Contemplative Discovery Pathway Theory

Contemplative Discovery Pathway Theory

The Contemplative Discovery Pathway Theory (CDPT) motivates persons to move beyond their hurt, pain and shame to experience the discovery of their authentic self-based in love and gratitude. A developmental model, CDPT postulates that the self follows the step-wise path from the natural self at birth to the shame self and its antithesis, the addictive shame false self, leading to the development of the authentic self and eventually, the contemplative transcendent self (Allen, Mayo, Allen-Carroll, Manganello, Allen, & Singh, 2014).

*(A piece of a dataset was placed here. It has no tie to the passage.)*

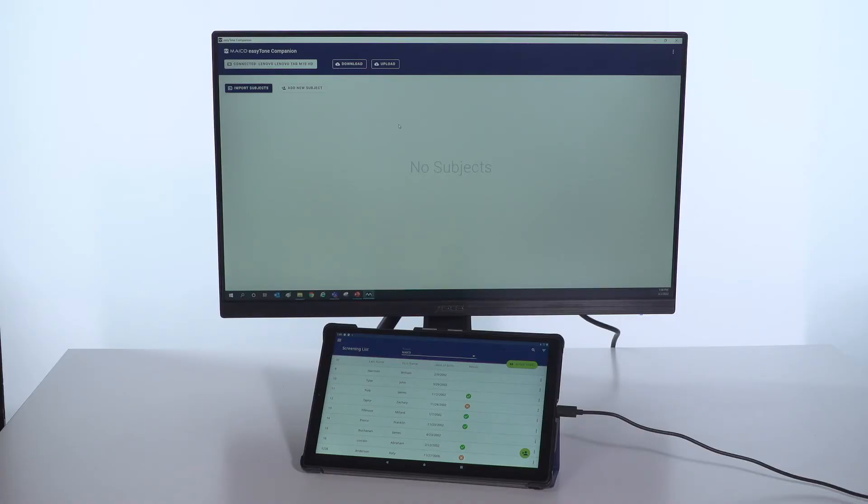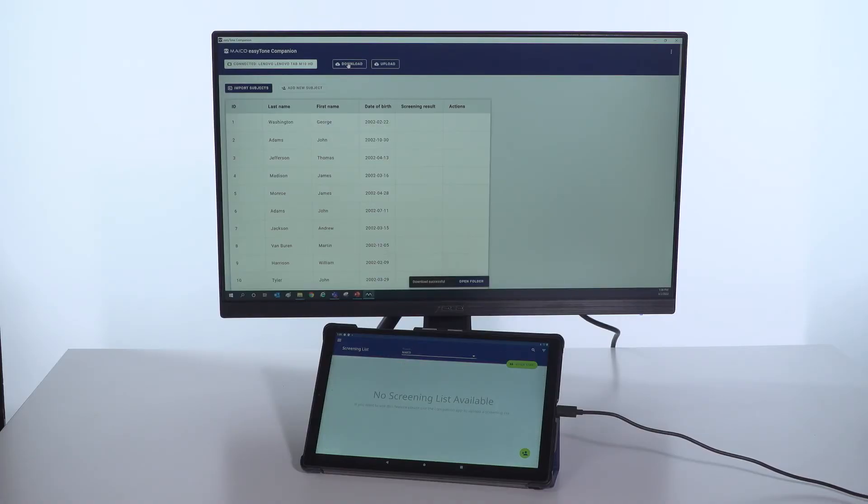When the screening is done for the day, use the Mako Companion app to export the results for easy management of mass screenings.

Life is beautiful. According to the Judeo Christian tradition we are made in the image of God, and are hard wired to seek unconditional love. At birth we have three basic instinctual needs, (a) safety (survival/security), (b) Connection (Affirmation and esteem) and (c) Empowerment (Power & control). These three dimensions represent powerful sources of energy, which interact with each other as a child struggles to develop basic trust. This natural self is vulnerable, fragile and extremely dependent, that is, we are destined to experience people helping people! Even though life is beautiful it is also wounded. And before long we all experience the different variations of our hurt trail e.g. natural disasters, abuse, loss, trauma, victimization etc which leads to feelings of abandonment, rejection and humiliation. These feelings combine to produce SHAME (Self Hatred Aimed at ME). Shame a deep hidden feeling of disgrace, mortification and despair, resulting from the shattering of our deepest and most valued expectations, hopes and dreams. Though hidden and attached to our inner secrets, shame presents its face as anger, depression, addiction, violence, abuse, self sabotage, helplessness, intimacy dysfunction etc.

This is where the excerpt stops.